**** Given entries

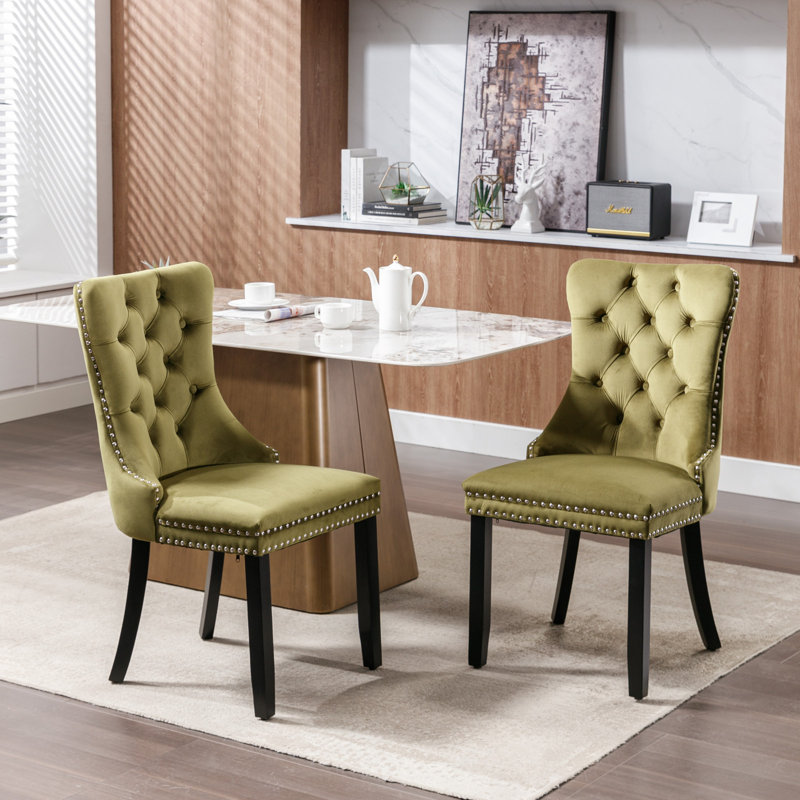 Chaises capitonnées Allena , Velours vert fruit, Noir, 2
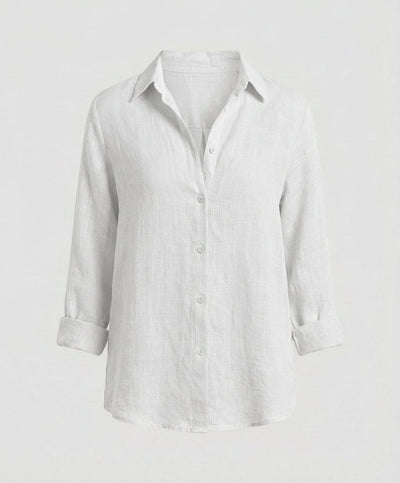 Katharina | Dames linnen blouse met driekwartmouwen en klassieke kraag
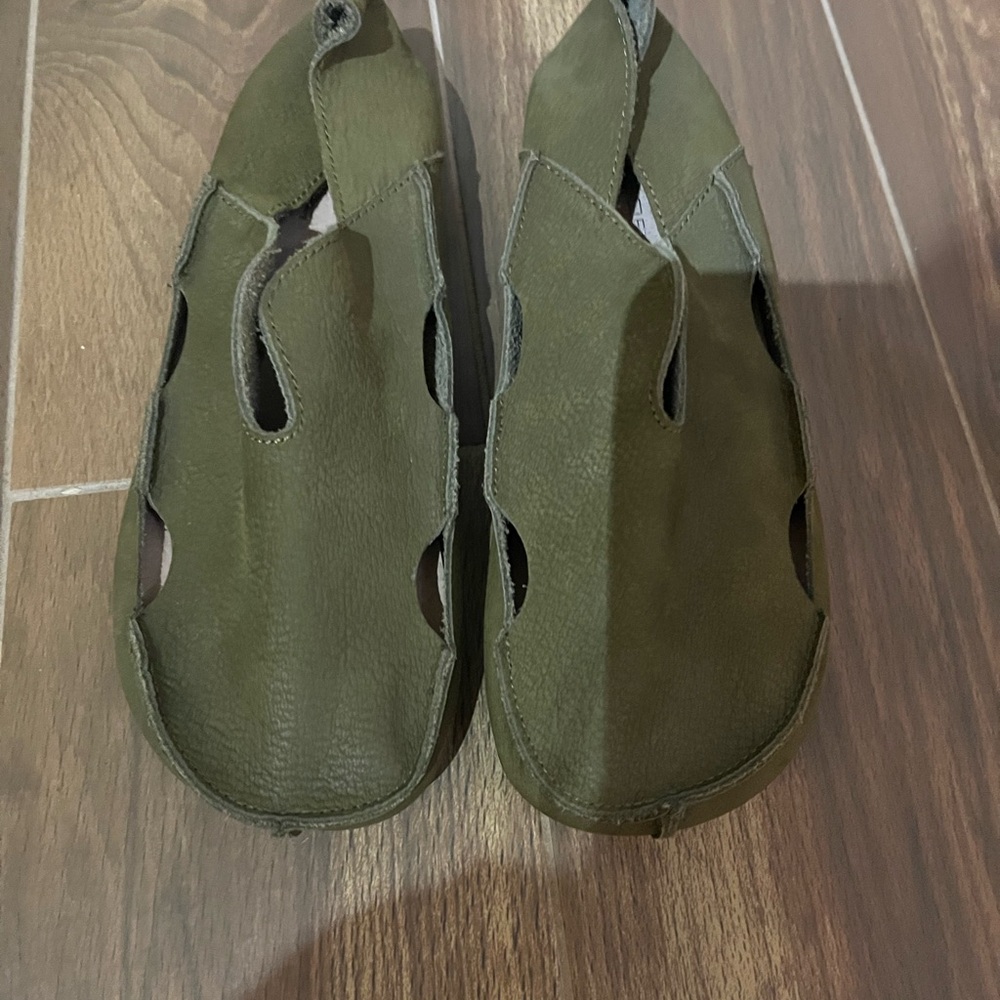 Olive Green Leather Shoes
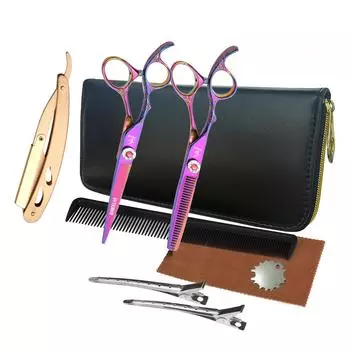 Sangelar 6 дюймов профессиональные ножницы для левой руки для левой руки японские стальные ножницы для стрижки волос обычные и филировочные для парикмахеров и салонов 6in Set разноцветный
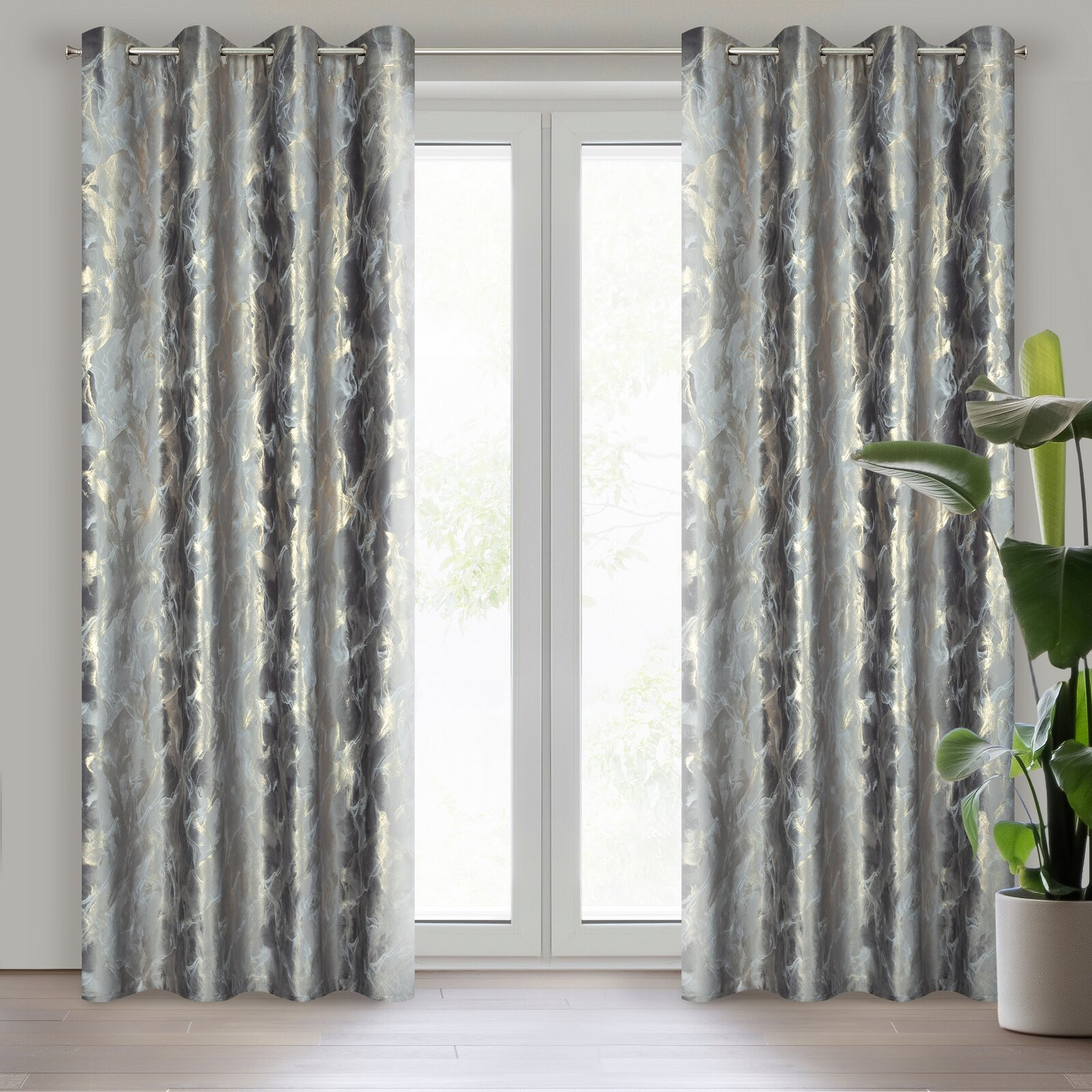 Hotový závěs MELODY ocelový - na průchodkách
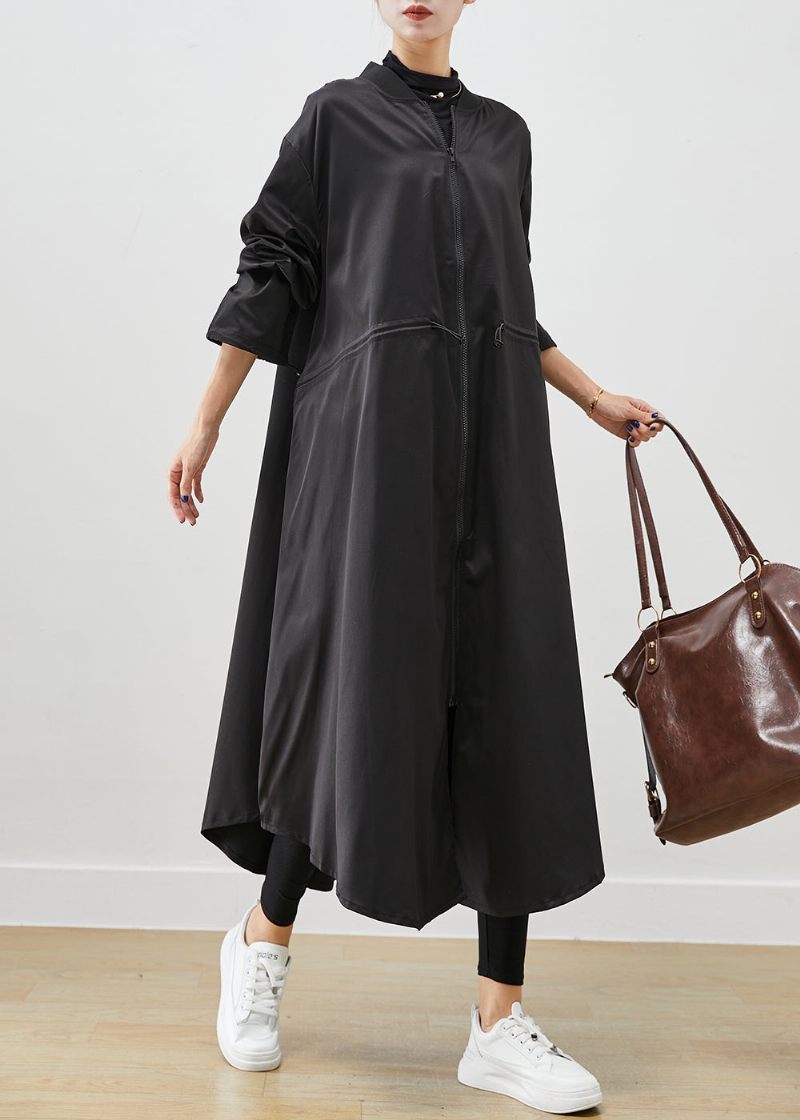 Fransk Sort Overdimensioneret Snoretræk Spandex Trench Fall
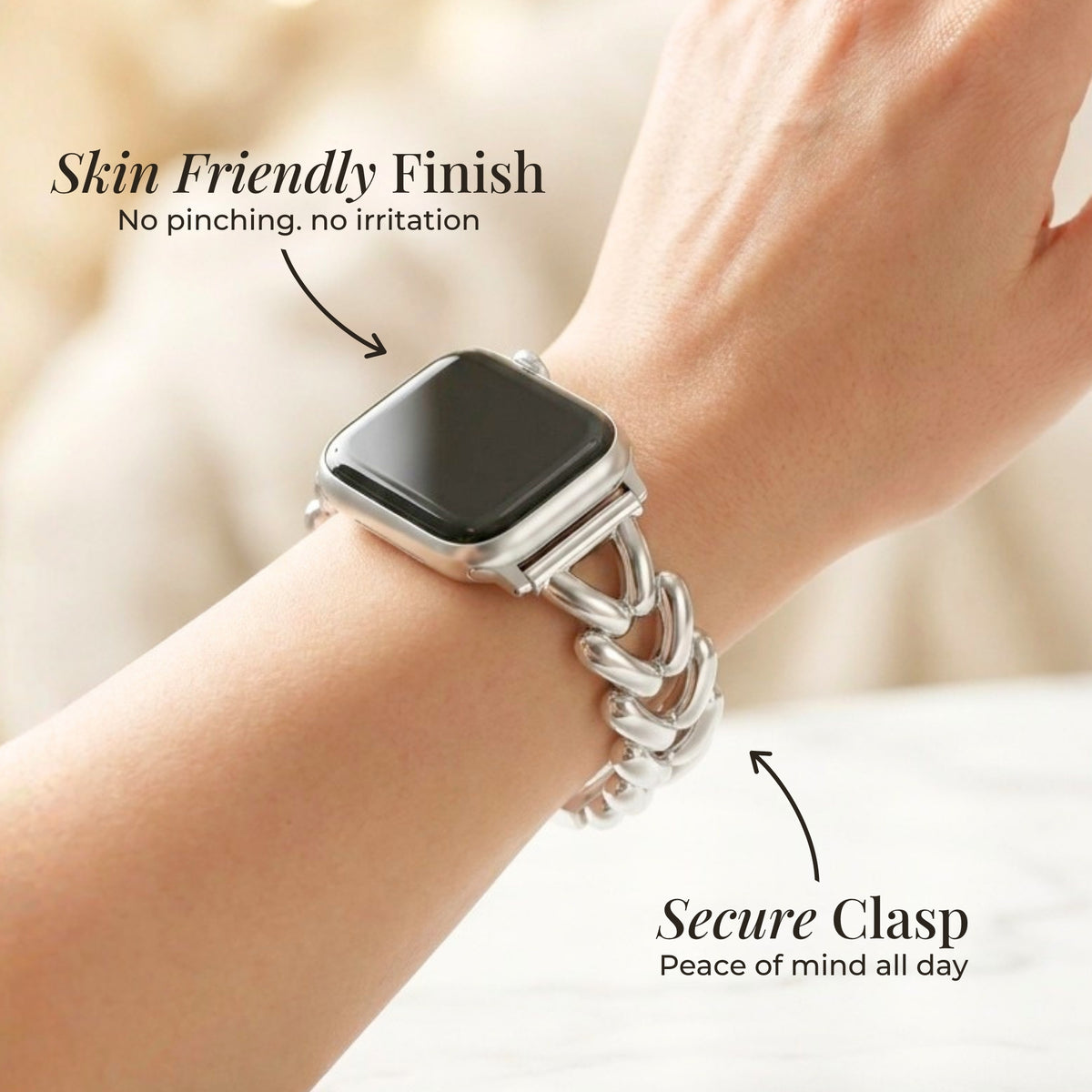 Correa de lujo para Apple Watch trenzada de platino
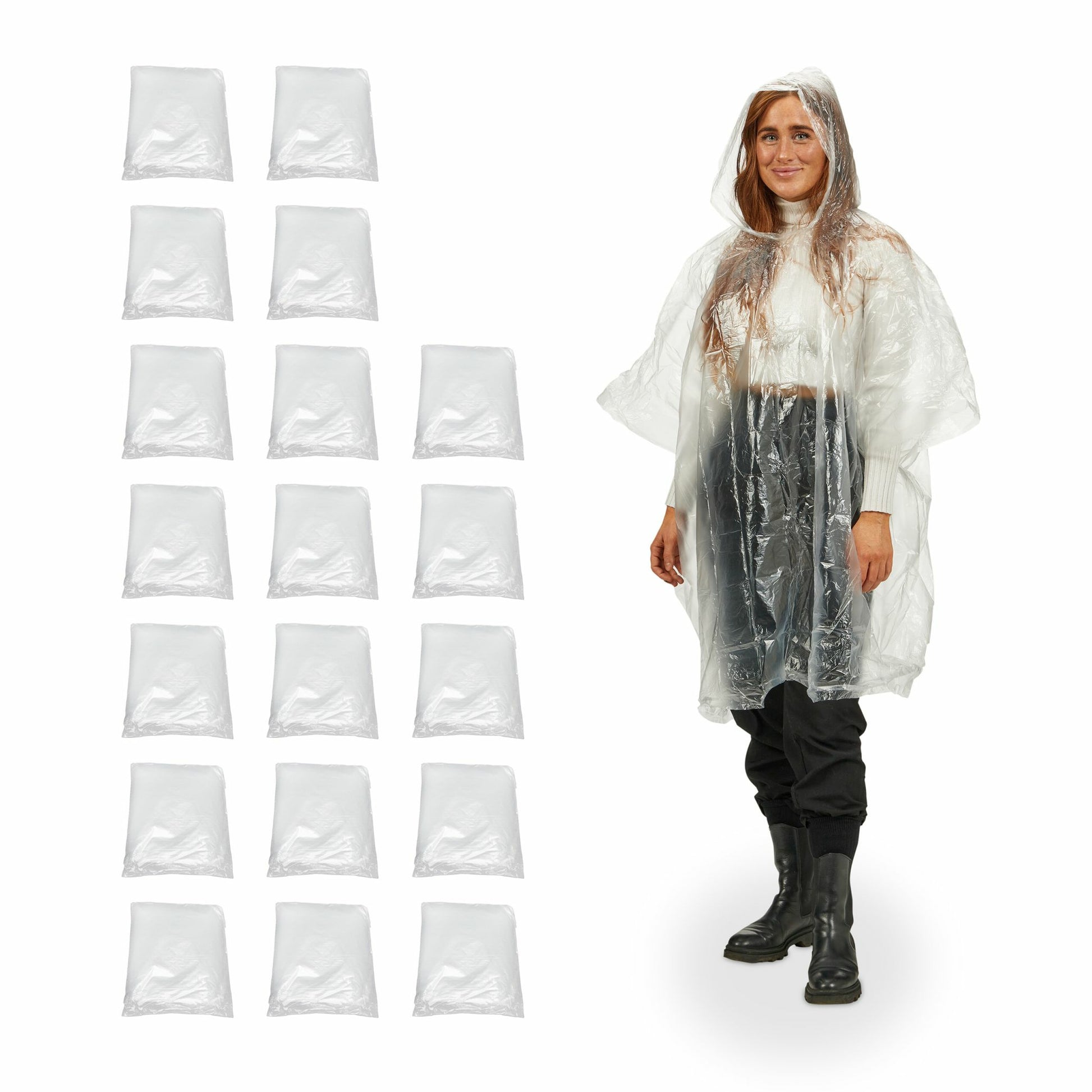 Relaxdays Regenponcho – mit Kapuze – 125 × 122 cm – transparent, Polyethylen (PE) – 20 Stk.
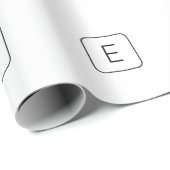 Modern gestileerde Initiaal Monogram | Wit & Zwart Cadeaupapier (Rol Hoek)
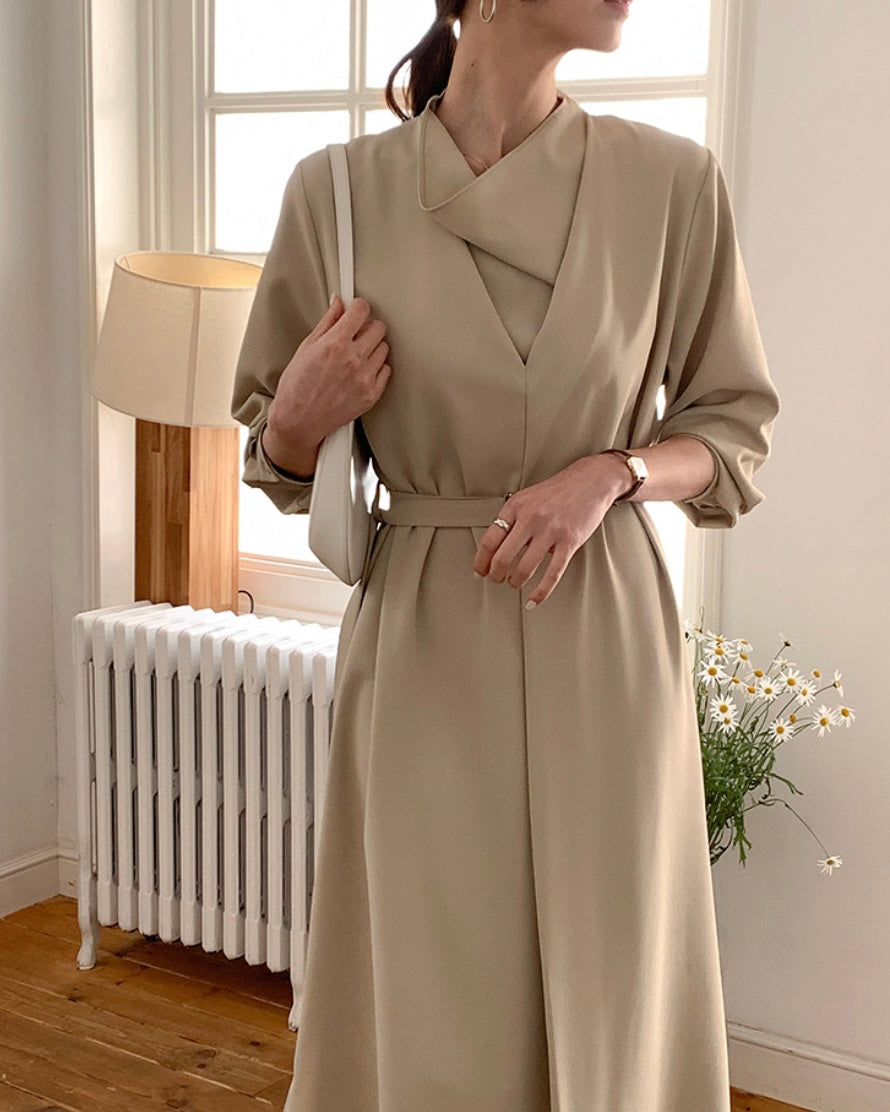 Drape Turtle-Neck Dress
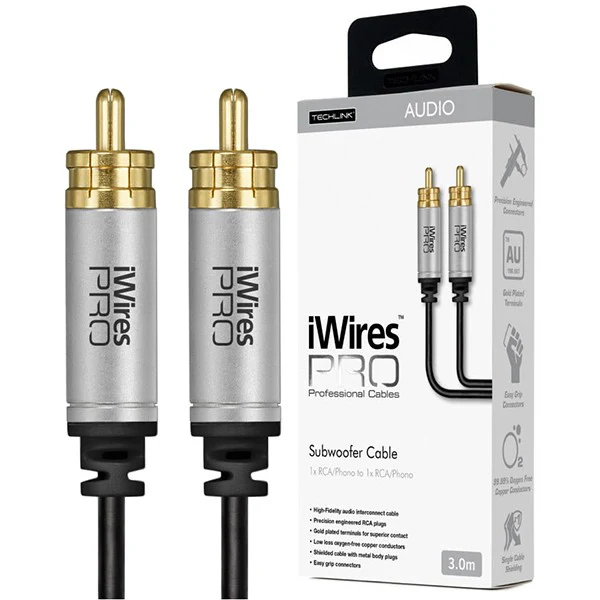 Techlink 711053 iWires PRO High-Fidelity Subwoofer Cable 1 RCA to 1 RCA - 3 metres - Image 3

********

Start with the line above containing "Sangelar 6 дюймов" and end with the line containing "Drape Turtle-Neck Dress". Set down that stretch exactly, without any pictures.

**Task result**
 Sangelar 6 дюймов профессиональные ножницы для левой руки для левой руки японские стальные ножницы для стрижки волос обычные и филировочные для парикмахеров и салонов 6in Set разноцветный
 Hotový závěs MELODY ocelový - na průchodkách
 Fransk Sort Overdimensioneret Snoretræk Spandex Trench Fall
 Correa de lujo para Apple Watch trenzada de platino
 Relaxdays Regenponcho – mit Kapuze – 125 × 122 cm – transparent, Polyethylen (PE) – 20 Stk.
 Modern gestileerde Initiaal Monogram | Wit & Zwart Cadeaupapier (Rol Hoek)
 Drape Turtle-Neck Dress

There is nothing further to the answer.